Die durch die Industrialisierung erzielten Effizienzgewinne erlauben darüber hinaus, Mitarbeiter intensiver als zuvor zu qualifizieren. Verstärkte Schulungen zu Themenbereichen wie beispielsweise Produkte und Konditionen, Beraterkompetenz und professionelle Telefonie erlauben es den Mitarbeitern, sich noch passgenauer als bisher auf die Bedürfnisse unserer Kunden einzustellen und den bestmöglichen telefonischen Service zu bieten. Eine Freundlichkeitsoffensive wurde durch die engagierten Mitarbeiter initiiert und getrieben, um jederzeit - auch in Konfliktgesprächen - freundlich, souverän und professionell agieren zu können.
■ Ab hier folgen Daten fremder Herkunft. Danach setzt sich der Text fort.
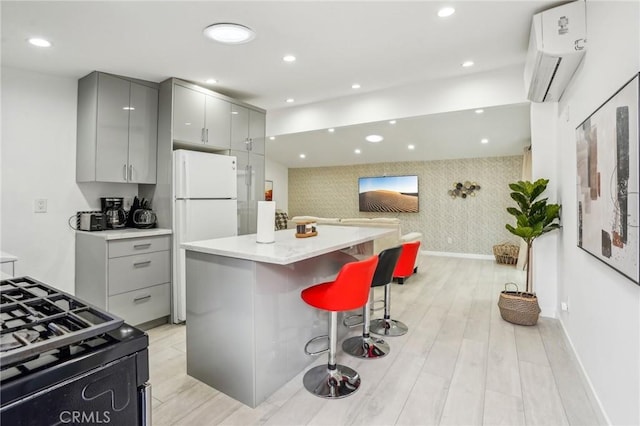 kitchen with wallpapered walls, freestanding refrigerator, a wall mounted air conditioner, gray cabinetry, and recessed lighting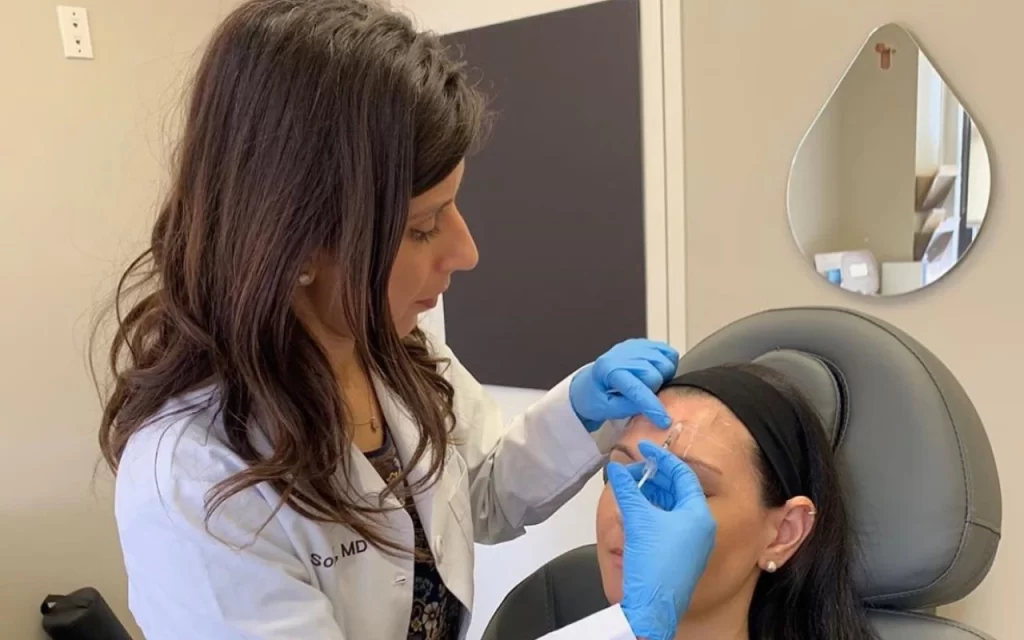 A woman receiving Botox treatment for a forehead lines from a Dr. Sonali Lal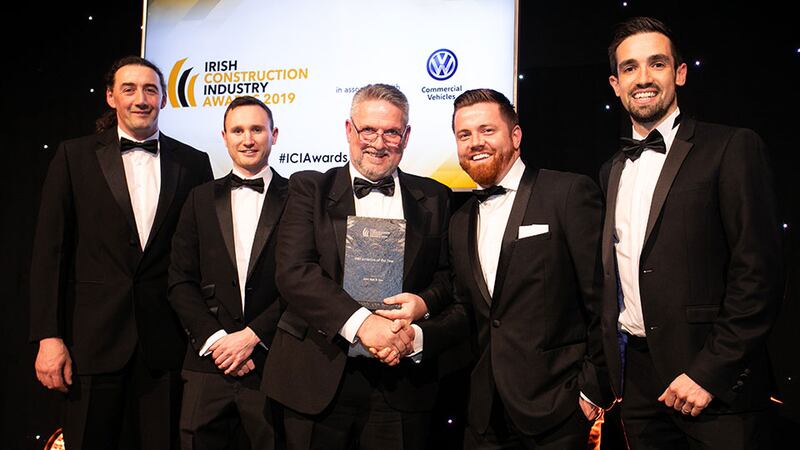 Patrick Devlin, General Manager, Zutec presents the BIM Initiative of the Year award to the John Sisk & Son team.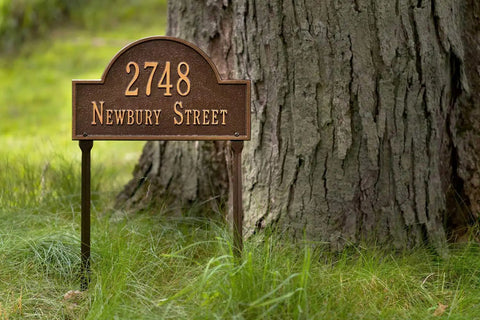 Cast Metal Address Plaque Lawn Mounted Arch Sign Personalized House Number And Street Name Made In The USA Durable Outdoor Nameplate With Custom Top Line Up To 7 Characters And Bottom Line Up To 17 Characters installed by a tree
Eine stärkere Verzahnung mit dem Vertriebsaußendienst wird durch ein Patenschaftsmodell (jedem Außendienstmitarbeiter mit Gebietsverantwortung werden zwei Innendienstpaten zugeordnet) erreicht. So finden regelmäßige Gespräche und fallweise Abstimmungen statt, sodass der Außendienst bei seinen vertrieblichen Aktivitäten in seinem Außendienstgebiet nachdrückliche Unterstützung der Mitarbeiter erhält. Im Gegenzug erhalten sie durch den betreffenden Außendienst detaillierte Marktinformationen, die insbesondere bei schwierigen Serviceleistungen enorm hilfreich sind.

Schließlich können die ehrlichen Verkäufer und Endkunden durch eine verstärkte Betrugsprophylaxe noch effektiver vor Kreditbetrügern und den von ihnen verursachten Schäden geschützt werden. So konnten allein im letzten Jahr Betrügereien in zweistelliger Millionenhöhe abgewehrt werden.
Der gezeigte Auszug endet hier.